Service partners need reference architectures and best practices.
Value added resellers need repeatable use cases and often need help in the implementation phase.
Software houses and ISVs want to use the network to open up white space market opportunities – i.e. new customer and sales potential – and to further develop their portfolio.
With the new partners, there are now additional requirements for a platform.
Reconsider your support
When it comes to the need for technical support, the new network partners hardly differ from the traditional implementation partners, from software houses and ISVs. Ultimately, the APIs have to work here and there on both sides.
The situation is different with commercial support. The revenue streams of the new partners are constantly changing, sometimes going up and sometimes down. Platforms have to be able to absorb this – via flexible billing, deferrals, etc. Many B2B networks are certainly developing new framework models for this. You can use this opportunity to re-evaluate existing sales authorizations from partners that you have defined in your partner program. For example, can a Canadian partner within your network offer his service to a German customer without any problems or are the permits tied locally? Networked value creation takes place in digital ecosystems on a global level, which should also be reflected in the set of rules.
Adjust your business model
Anyone who wants to integrate a new type of network partner must be able to develop revenue share models, set up audits and measure transaction values.
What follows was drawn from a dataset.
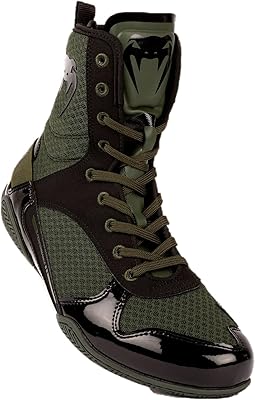 Venom Elite boxing shoes.. DIAYTAR NIGERIA revolutionizes online shopping with competitive prices and reliable 5-8 day delivery.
This can be illustrated well using the example of financial services. Suppose a buyer owes the supplier a million euros. A FinTech company could pay the supplier the amount for a surcharge of three percent and, as an additional service, check the creditworthiness of the companies involved.
However, this also means that the network provider and the partner must know the values of the transaction. Finding a regulation for this is not a trivial matter, as this involves sensitive data. For those who want to expand their network beyond traditional partners, risk management becomes the central component of the strategy. In the future, platform operators will need partners who understand how to avoid fraud and who can evaluate network participants with a view to their credit rating or the corruption index. After all, no platform operator can risk money laundering in his network, for example.
Specify your onboarding
With new partners, the onboarding process must not be limited to the purely technical docking with the integration interfaces. Platform providers need to ensure mutual understanding when measuring transaction volumes. A revenue sharing model should be an integral part of the contract. Of course, you should also clarify in good time which partner has to provide which guarantees and warranties.
Arrange the responsibilities for data management
In business networks, the partners are interested in exchanging information with one another in order to improve their own database and develop new services on this basis. This is particularly true for those partners who now want to bind the platforms to themselves. Open and documented APIs form the technical basis for this. With regard to data protection and data security, however, this also means that platforms need a RACI matrix. RACI stands for Responsible, Accountable, Consulted, Informed and regulates the responsibilities in the network. Data protection and data security thus become a joint task for all those involved.